Но она хлопнула дверью и нашла какого-то ботаника, невостребованного историей и женщиной. Она вымыла его в шампуне и купила костюм в дорогом магазине. Ботаник вскинулся душой и телом и решил – идиот, – что он создание нерукотворное, что он таким чисто пахнущим и родился. Он посмотрел на мою подругу сквозь модные очки и остался разочарован. Так и ушел от нее с дарованными бебихами, а подругу пришлось срочно отправлять в Иерусалим на моление. Она утыкала Стену плача просьбами о любви, как млекопитающий броненосец, прошла по дороге Христа и вернулась иссушенной, как фасолевый стручок.
– Бога нет, – сказала она. – Я не видела. Надеюсь, ты не пишешь свое идиотское сочинение о нашем возрасте? Это будет оскорбление нам всем. Американки после пятидесяти только разговляются… Поздние сады – самое то! А библейские дамы? Сколько им было? Мы против них девчонки!
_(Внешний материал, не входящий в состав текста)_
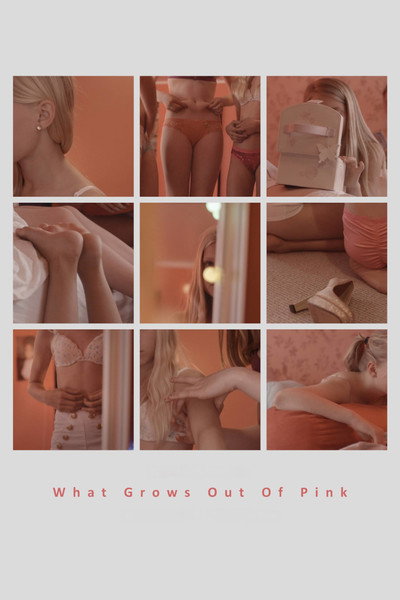 Póster de What Grows Out of Pink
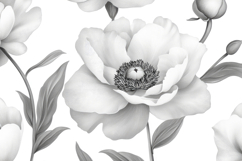 White Flowers Background Wallpaper Product Image 1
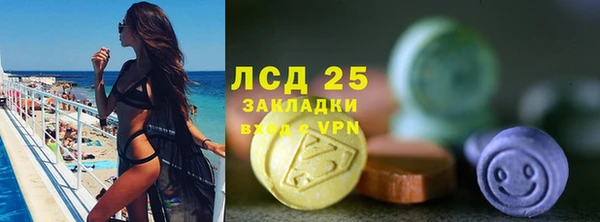 ешки Белокуриха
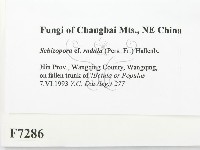 登錄號:F0007286藏品圖，第2張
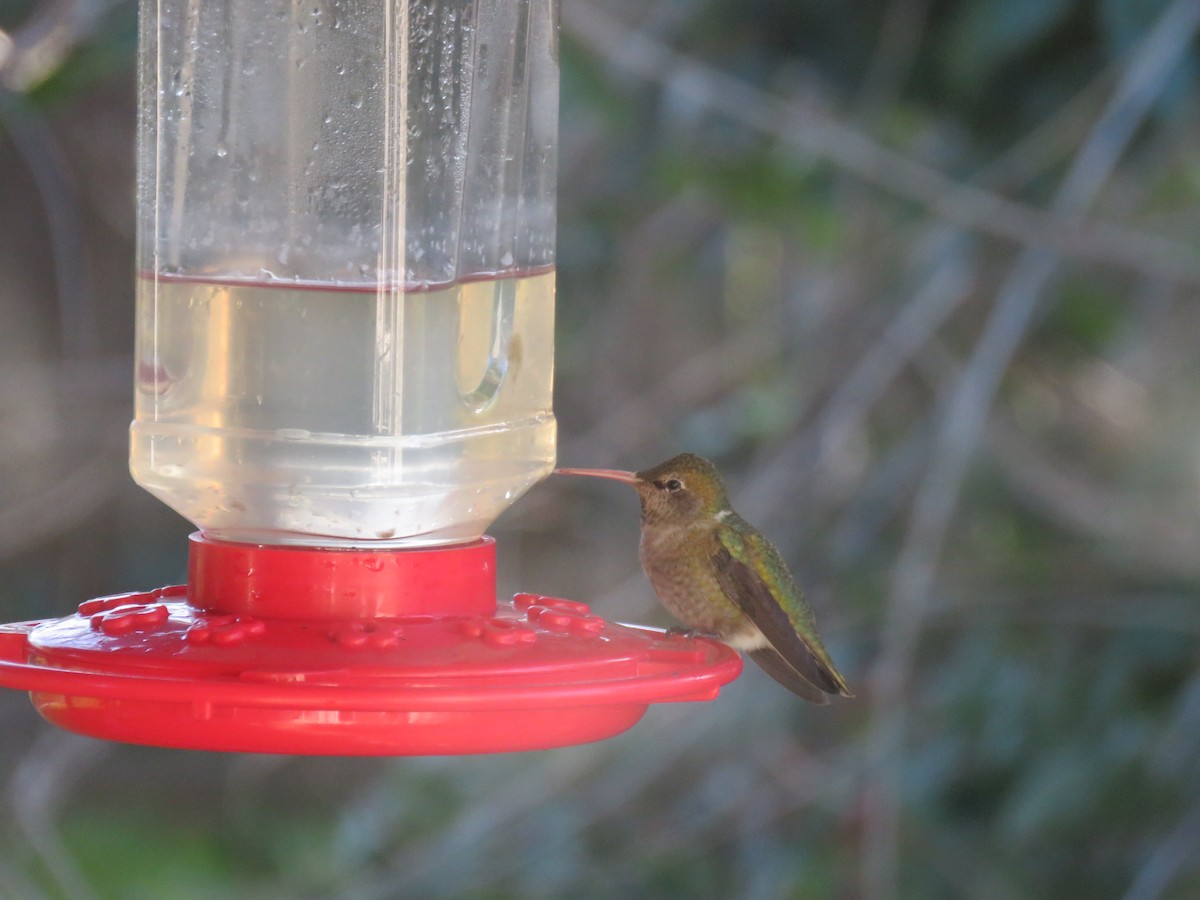 Anna's Hummingbird - ML533285601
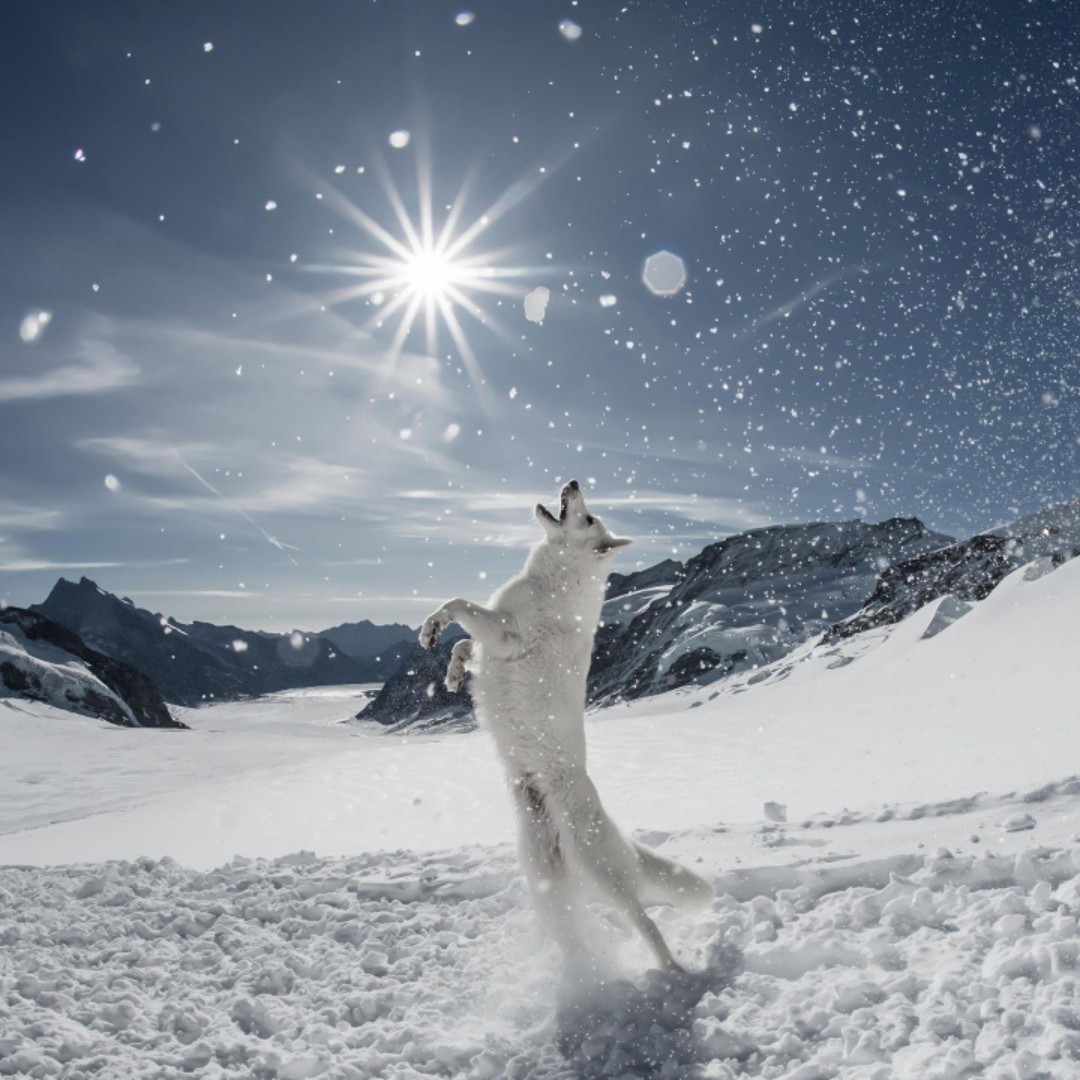 爱吃淮山炖肉的马尾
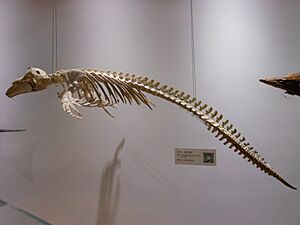 A specimen of the skeleton of Yangtze Finless Porpoise, Museum of Hydrobiological Sciences, Wuhan Institute of Hydrobiology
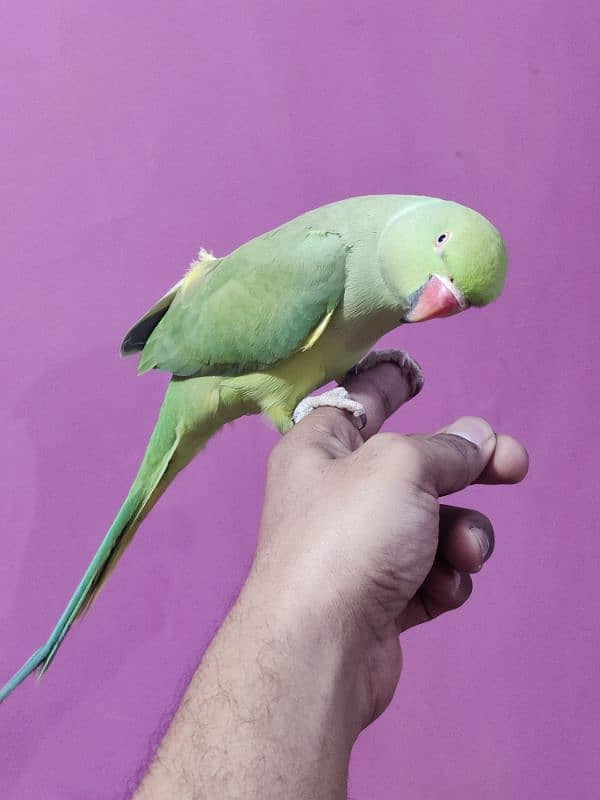 Green Ringneck Hand tamed Female 5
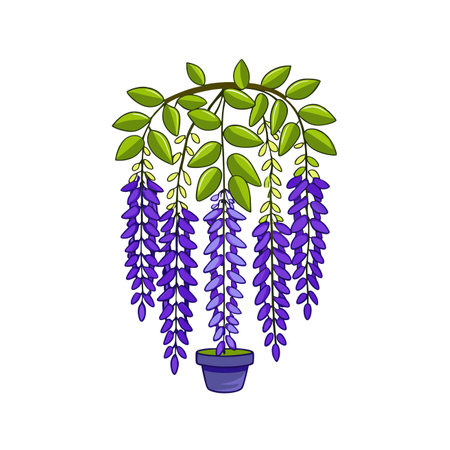 Elegant Wisteria Houseplant Illustrationのイラスト素材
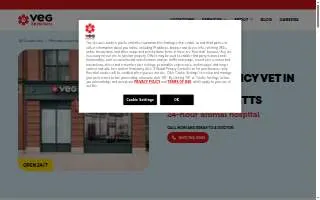 VEG ER for Pets of Boston website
Наверняка я буду подвергнута…
Я подозреваю, нет, знаю точно – любовь по сути своей беспола. Я помню свою первую детскую любовь – она была к девочке. Я ведь не знала, что моя улица дурна и грязна, что двухэтажный барак, выстроенный для шахтеров напротив наших прикрытых сиренью хаток, – уродлив, что облепившие барак сараи – некрасивы. Я не знала, потому что не видела еще ничего другого. Провидение высадило меня на эту территорию и сказало: «Живи». Сам процесс жизни оказался весьма интересным.
Поэтому я и не умерла, хотя за мной то и дело приходили оттуда, и мама, и бабушка отбивали меня от смерти, как могли. Выходя из очередной болезни, я опять и снова ликовала, что ножки и ручки дрыгаются, глазки смотрят, некрасивость окружающей меня действительности ну никак не задевала мое существо.
Пока я не увидела красоту.
Девочку-ровесницу, волею партийных передвижений ее папы оказавшуюся на соседней улице, прикрытой нашими домами от черного по сути и по цвету барака. Девочка в матроске с красивыми белокурыми волосами шла за катившимся мячиком и встретила меня – босую, худую, в цыпках и в одних ситцевых трусах, потому что носить что-то над трусами нужно не было. И долго, между прочим.
– Меня зовут Мая, – сказал она. – А тебя?
До сих пор сжимается сердце, когда я вспоминаю это пронзившее меня обожание. Была бы у меня сила, я носила бы Маю на руках, потому что земля была явно недостаточно хороша для ее туфелек. Я водила ее за ручку по нашим колдобинам и выбоинам, хотя, как выяснилось, она была старше меня на год. Я убирала с ее дороги камни и ногой отбрасывала собачье дерьмо. Я подымала над ней ветки сирени и усаживала на пенек, покрыв его чистым полотенцем из комода. Засыпала я с мыслью, как отталкиваю ее в тот страшный миг, когда она оказывается рядом с глубокой ямой градирни, которая жила рядом с нами и была всегда открыта. Уже сейчас думаю: почему никто из взрослых не пытался ее прикрыть или огородить?